Here's the current Shock: bibliiography. I've only read so much stuff, and this is what's leapt to mind.

If you have something you want to be in this bibliography, please add it in this thread! But, absolutely, totally talk about the author or book. Don't just say a name and bolt.

QuoteScience Fiction
Novels

Asimov: Caves of Steel, Foundation, Robot Dreams
Bradbury: Martian Chronicles, Dinosaur Tales
Clarke: Childhood's End, 2001, 2010
Card: Ender's Game
Dick: Do Androids Dream of Electric Sheep? [pick a book of short stories]
Heinlein: Starship Troopers, Stranger in a Strange Land
Kim Stanley Robinson: Red, Green, Blue Mars
Bruce Sterling: Distraction, Holy Fire
H.G. Wells: War of the Worlds, The Time Machine
Aldous Huxley: Brave New World
George Orwell: 1984
H.G. Wells: War of the Worlds
Jules Verne: 20,000 Leagues Under The Sea


Comics

Ghost in the Shell
Ocean
Finder
Invisibles, The
Transmetropolitan
Powers (!)


TV

Ghost in the Shell: Stand Alone Complex
Battlestar Galactica
Earth II
Babylon 5
Star Trek, TOS
Twilight Zone, The
Movies
Blade Runner
Until The End Of The World
Logan's Run
Planet of the Apes
Zardoz
Soylent Green
Silent Running
2001


Philosophy

Future Shock
Vehicles
Donna Harraway


Role-Playing Games

Thematic ancestors of Shock:

Cyberpunk
Paranoia
Nine Worlds


Mechanical ancestors of Shock:

Prime Time Adventures
Dogs in the Vineyard
The Shadow of Yesterday
Trollbabe
Polaris
With Great Power...
the glyphpress's games are Shock: Social Science Fiction and Under the Bed.

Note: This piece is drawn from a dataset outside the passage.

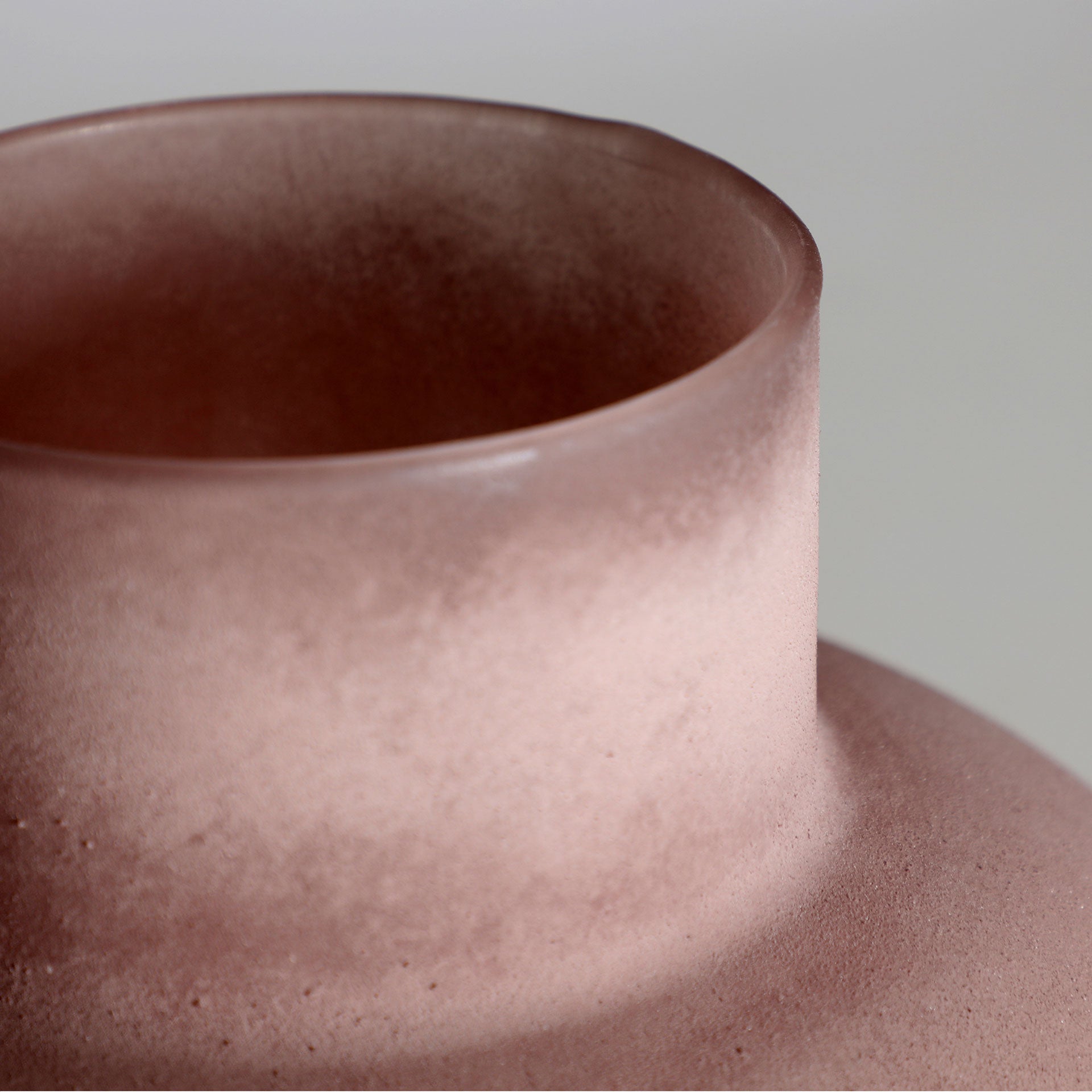 NAGYE VASE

I design books like Dogs in the Vineyard and The Mountain Witch.

rafial

Alright, well let me propose Cordwainer Smith.  That was the pen name that Paul Linebarger used for his science fiction, which is absolutley freaky stuff written in an strange an epic style.  I've read that his narrative style was influenced by Chinese story forms.  Anyway.

His stuff is very concerned with the social impact of technology, especially at the level of individual people.  His setting which appears in many of his stories is the "Instrumentality Of Mankind", a far future period when humanity is breaking out of a long period of stagnacy brought on by subsurvience to technology and trying to rediscover what it means to be human.  Stuff I've read that made me sit up and go "wow" include:

Norstrilia (his only novel, which has some weird parallels to Dune)
The Ballad of Lost C'Mell
The Game of Rat and Dragon
Scanners Live in Vain
The Dead Lady of Clown Town

James_Nostack

I thought Cordwainer Smith was one of Ellison's pen names?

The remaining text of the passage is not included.